Exercise input>

%%

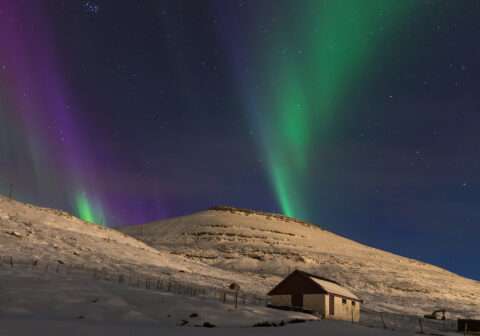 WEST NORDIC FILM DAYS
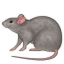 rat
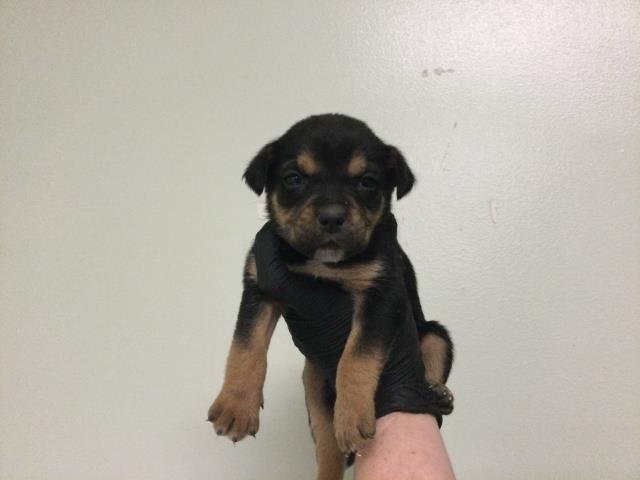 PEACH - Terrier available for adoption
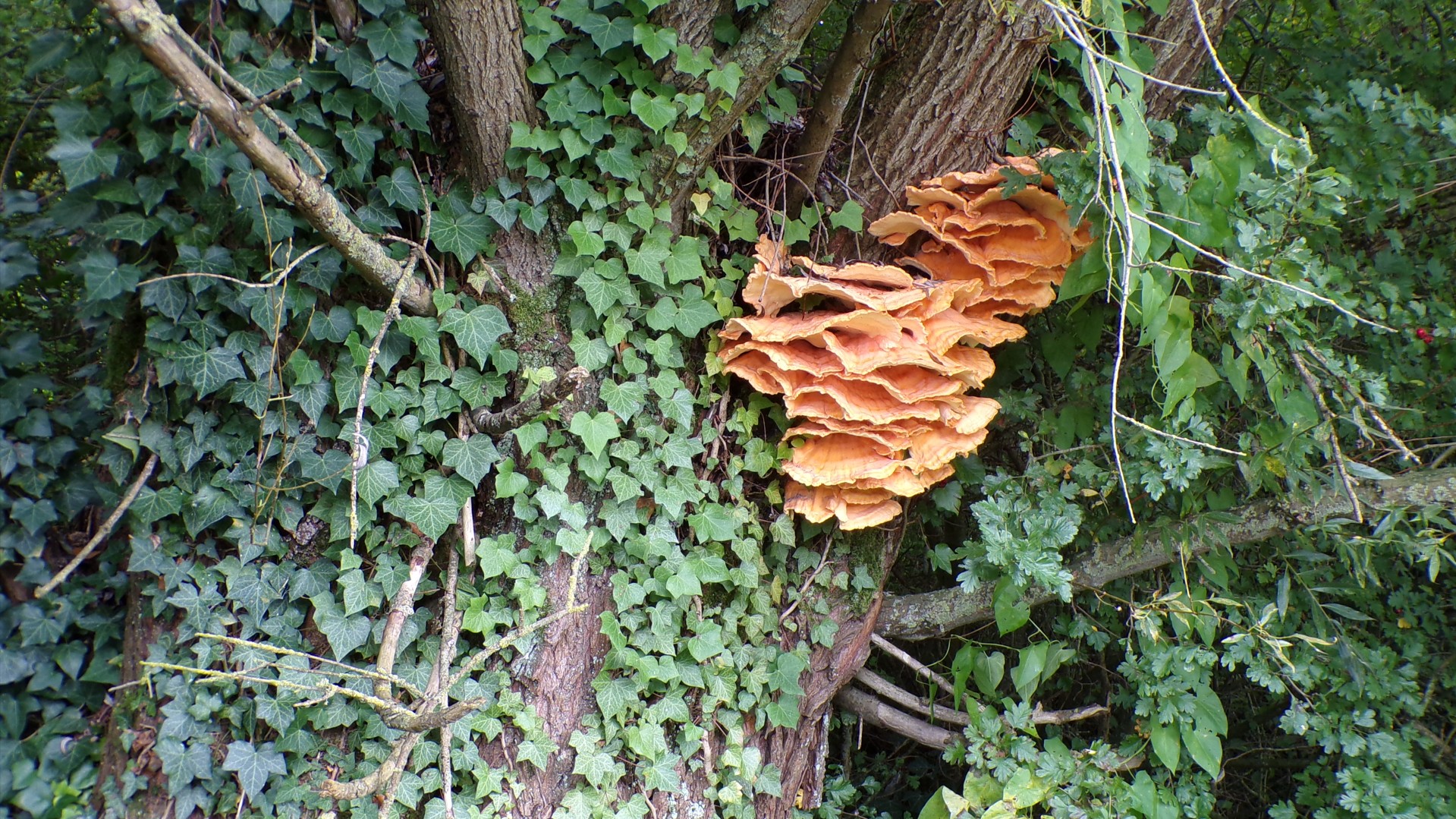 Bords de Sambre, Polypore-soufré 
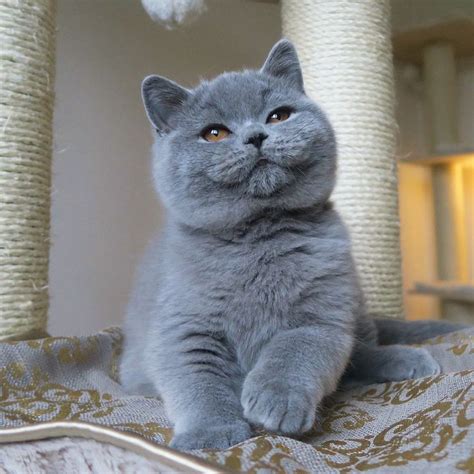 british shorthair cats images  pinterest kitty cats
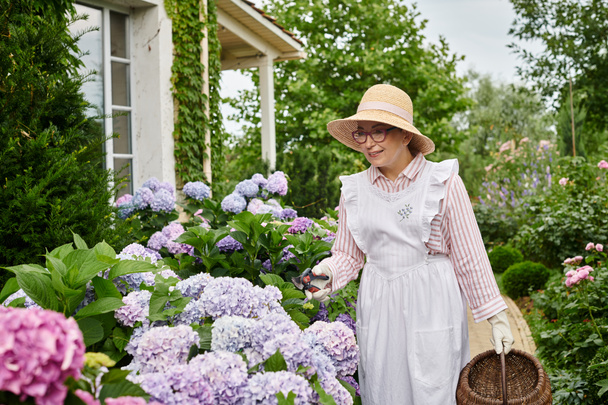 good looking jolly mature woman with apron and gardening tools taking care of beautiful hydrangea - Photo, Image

%%
%%

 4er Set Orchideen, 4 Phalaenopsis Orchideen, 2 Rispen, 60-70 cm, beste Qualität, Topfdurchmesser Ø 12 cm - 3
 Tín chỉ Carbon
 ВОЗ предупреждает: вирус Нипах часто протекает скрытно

%%

Description of the task> In the listing above, the required lines run from the line with "PEACH - Terrier available for adoption" through the line with "good looking jolly". Output exactly those lines, omitting pictures.

Solved problem>
 PEACH - Terrier available for adoption
 Bords de Sambre, Polypore-soufré 
 british shorthair cats images  pinterest kitty cats
 good looking jolly mature woman with apron and gardening tools taking care of beautiful hydrangea - Photo, Image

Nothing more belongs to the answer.